The idea that modern annoyances (sitting in traffic, waiting in checkout
lines, searching/browsing for information) are somehow essential to the human
experience is super weird given that most of these things have only been
around for 50ish years in their current form and less than 1,000 years in any
form.

If I didn't have house chores or a commute, then I could spend a lot more time
learning new pieces of Mathematics. Or work through the rest of the half-
finished anatomy textbook on my bookshelf. Or finally get around to building a
digital simulation of a human heart. Or start a garden. Or just hang out with
a coffee at the hackerspace or coffee shop or church basement.

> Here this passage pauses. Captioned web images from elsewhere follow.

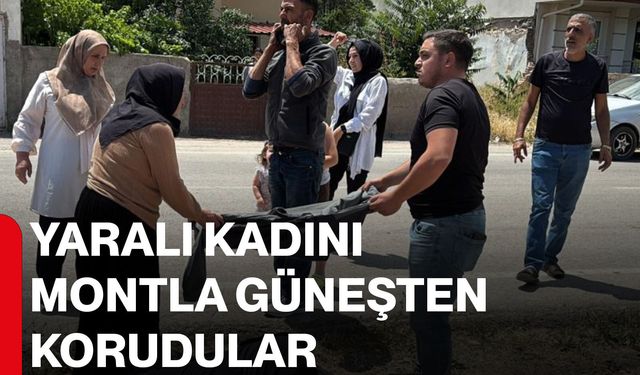 Yaralı kadını montla güneşten korudular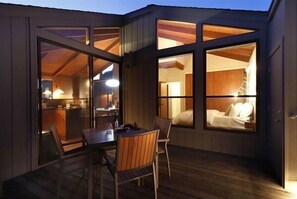 Ein gemütliches Blockhaus mit Essbereich und einem Schlafzimmer, die durch große Fenster sichtbar sind.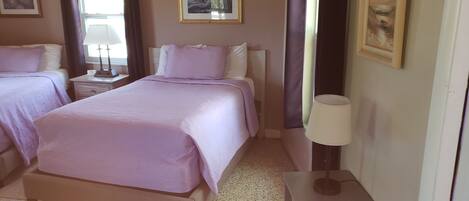 A bedroom with two beds, a nightstand with a lamp, and a framed picture on the wall.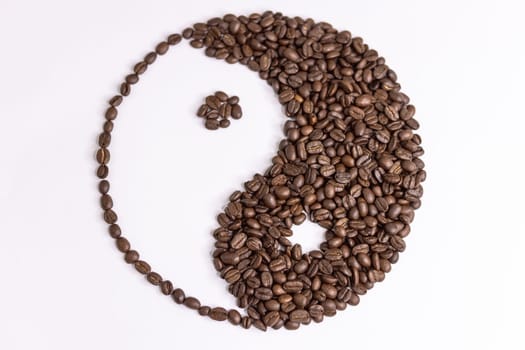 yin yang sign made by coffee beans on white background. High quality photo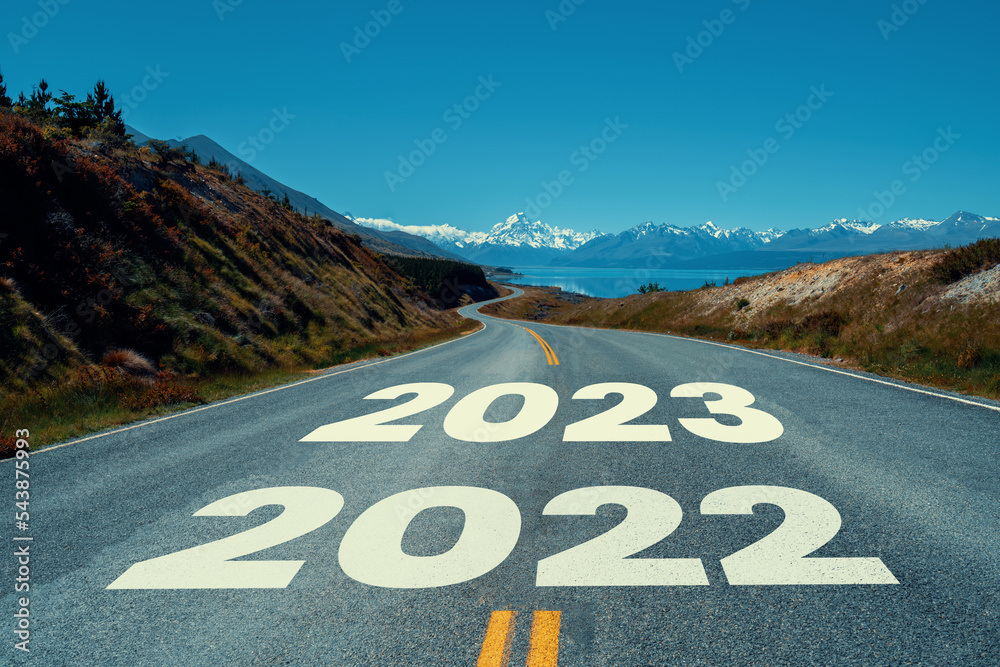 2023 New Year road trip travel and future vision concept . Nature landscape with highway road leadin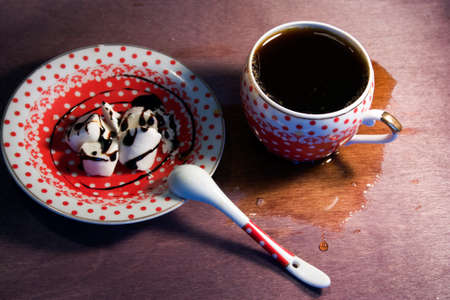 ceramic Cup polka dot spilled around coffee/tea spoon and a little bowl of ice cream watered with chocolate on wooden backgroundの写真素材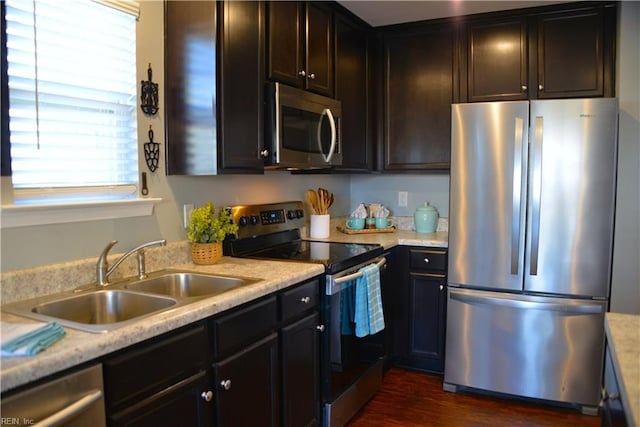 kitchen with dark hardwood / wood-style flooring, sink, dark brown cabinetry, and appliances with stainless steel finishes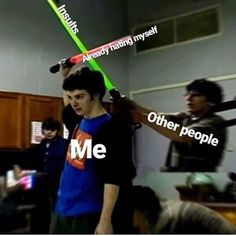 a young man holding a baseball bat in a room with other people behind him and the words me on it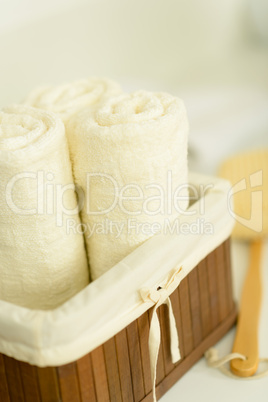 Bathroom towels folded in wooden basket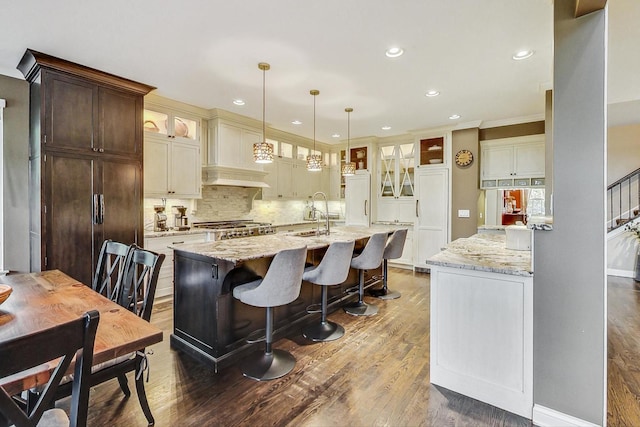 kitchen featuring a kitchen island with sink, pendant lighting, light stone counters, and dark wood-type flooring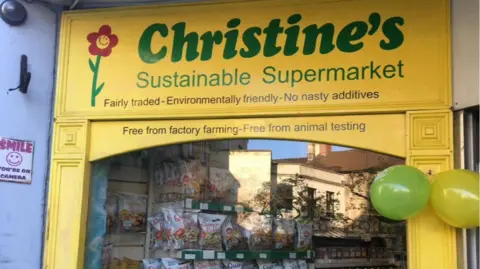 Chris Giles The front of Chris' shop, with large green letters reading "Christine's sustainable supermarket". The shopfront is bright yellow around a large window and there are two balloons tied to the right of it.
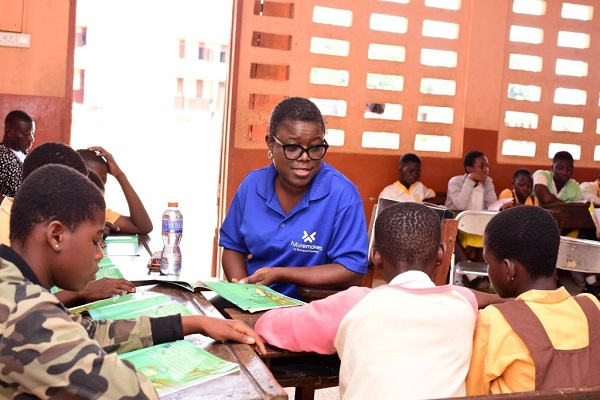 Asiedua Addae interacting with some pupils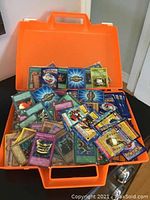 Open orange carrying case filled with assorted Pokémon and Digimon cards loosely arranged inside.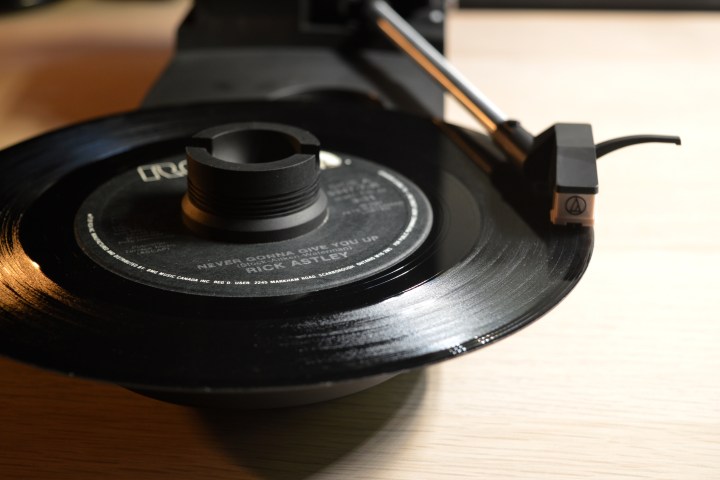 Audio-Technica AT-SB727 Sound Burger riproduce un disco a 45 giri, coperchio aperto.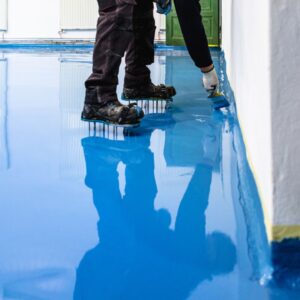 A contractor applying coating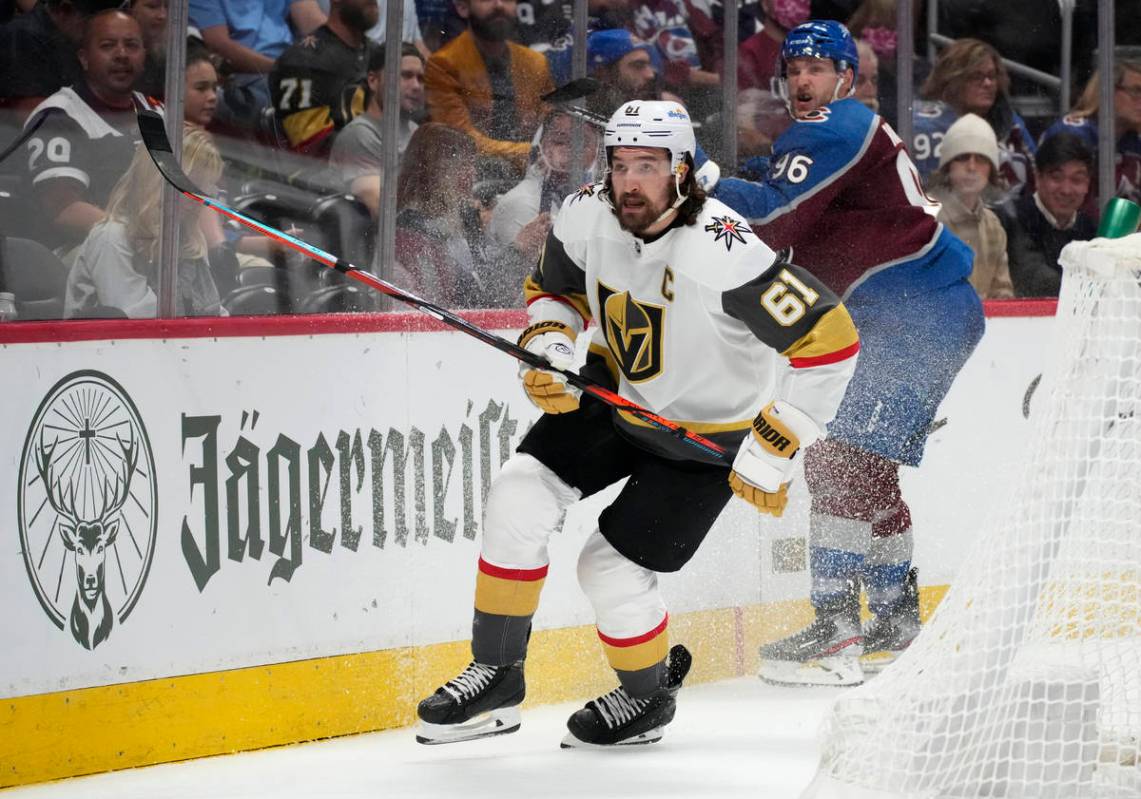 Vegas Golden Knights right wing Mark Stone, front, pursues the puck after checking Colorado Ava ...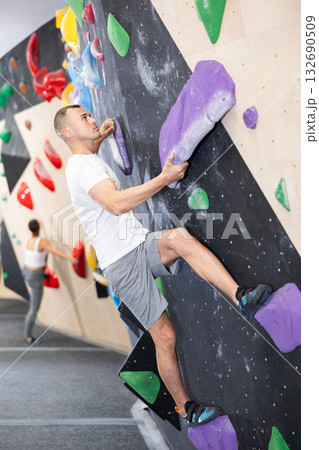Male climber ascending colorful holds on indoor bouldering wall 132690509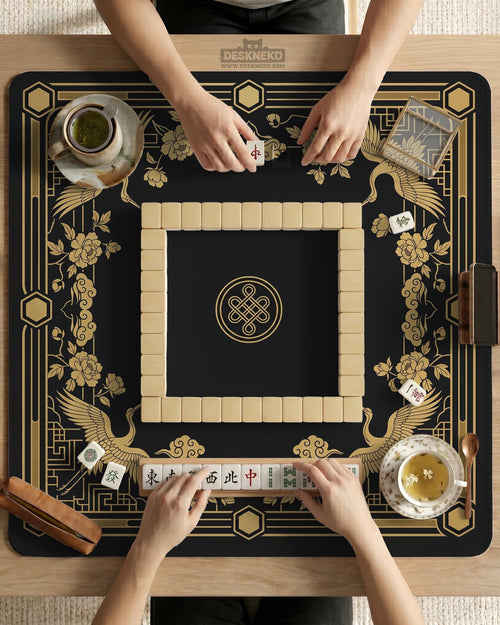Black and gold mahjong table mat with a crane design, floral Art Deco details, and a wide border around an open center area.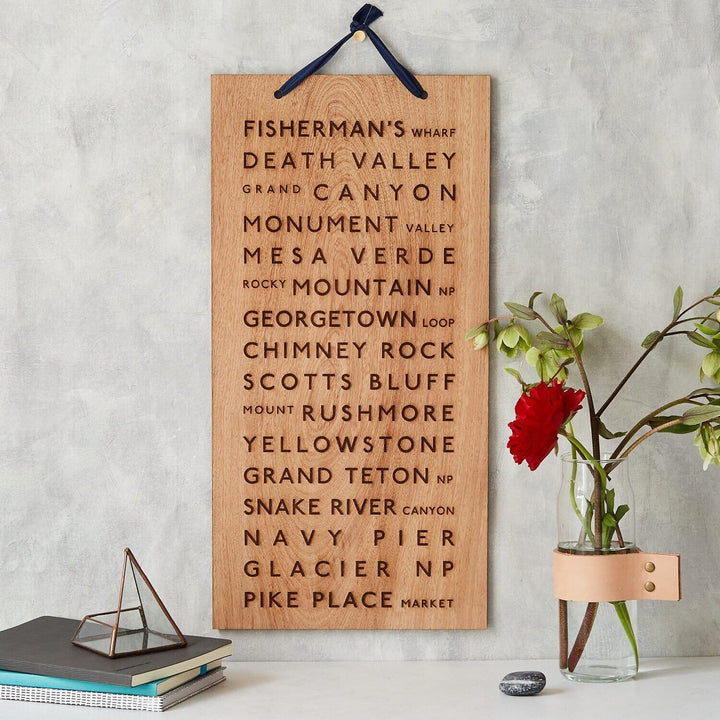 A wooden plaque featuring engraved names of iconic travel destinations, including the Grand Canyon and Yellowstone National Park, displayed alongside a vintage camera, a stack of books, and a vase of flowers, creating a cozy and inspiring atmosphere.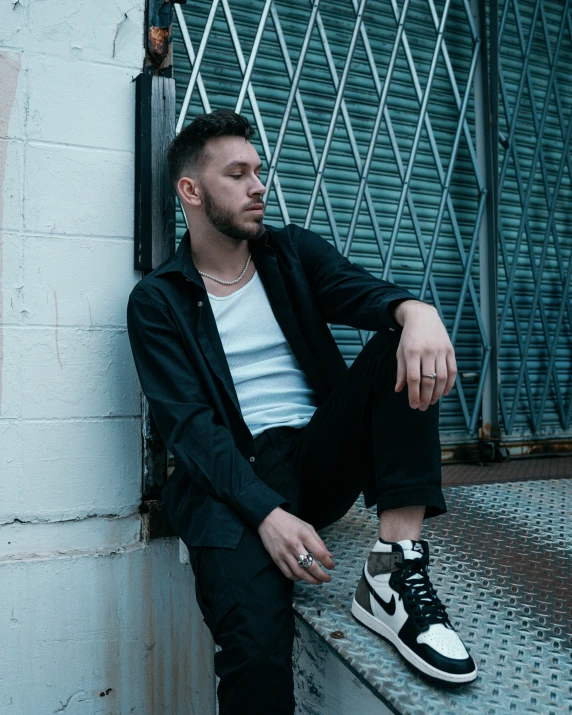 a man is sitting on a ledge with his feet crossed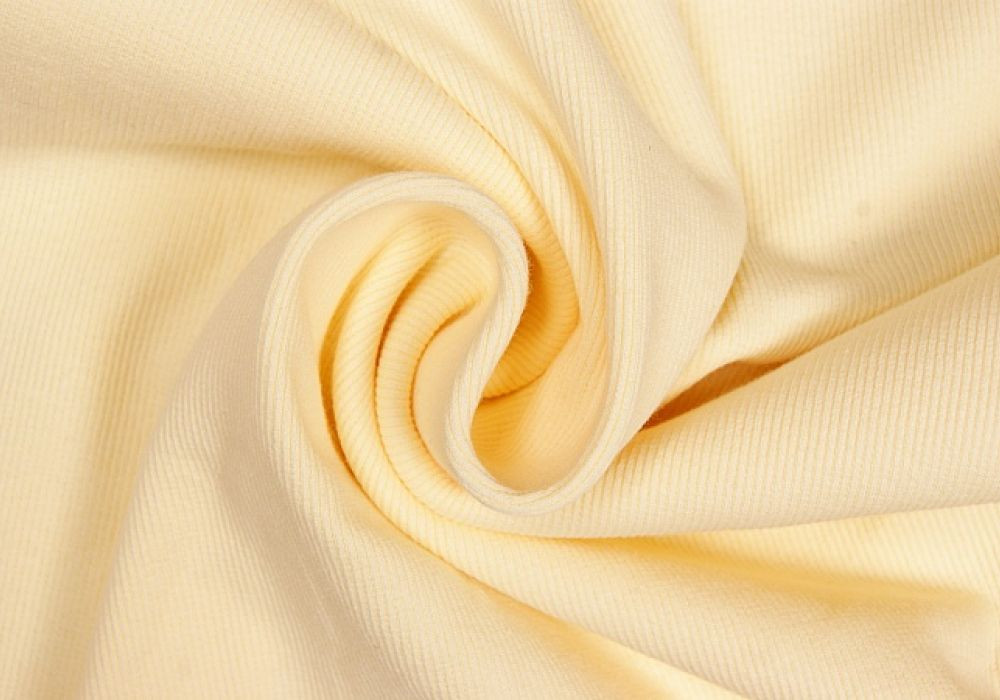 Boordstof tricot rib pastel-geel smal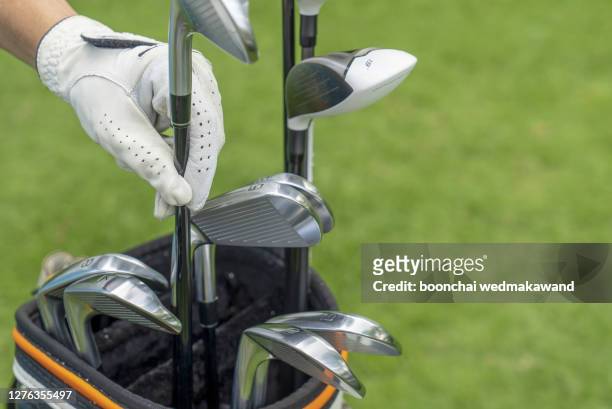 men's hands with golf clubs and clubs - golf club stock pictures, royalty-free photos & images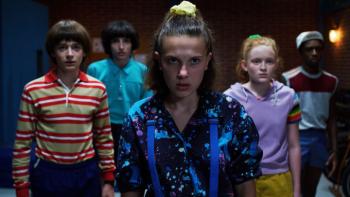 Stranger Things 3 TV show screenshot 1: Will, Mike, Eleven and Max face the camera, looking serious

There are a lot of opportunities for serendipity, many ways to build grit, and
infinite opportunities to socialize.

Sitting on a 1950's style cement highway for 30 minutes to go to a mall where
I stand in the 1960's style Macy's checkout line is not the end-all and be-all
of what it means to be human. That lifestyle an odd cultural aberration unique
to the 20th and early 21st century.

The idea that doing dishes or vacuuming or driving a car in rush hour traffic
are necessary to experience serendipity or frustration or boredom is a truly
tyrannical vision of what it means to be human.

It's certainly true that we're not headed for a tech utopia (or dystopia), and
that new technologies will have unintended and probably negative consequences
(in addition to positive consequences).

But I'm not worried about ending commutes or killing the modern grocery
shopping experience. Those things are inessential to the human experience and
a net drag on society.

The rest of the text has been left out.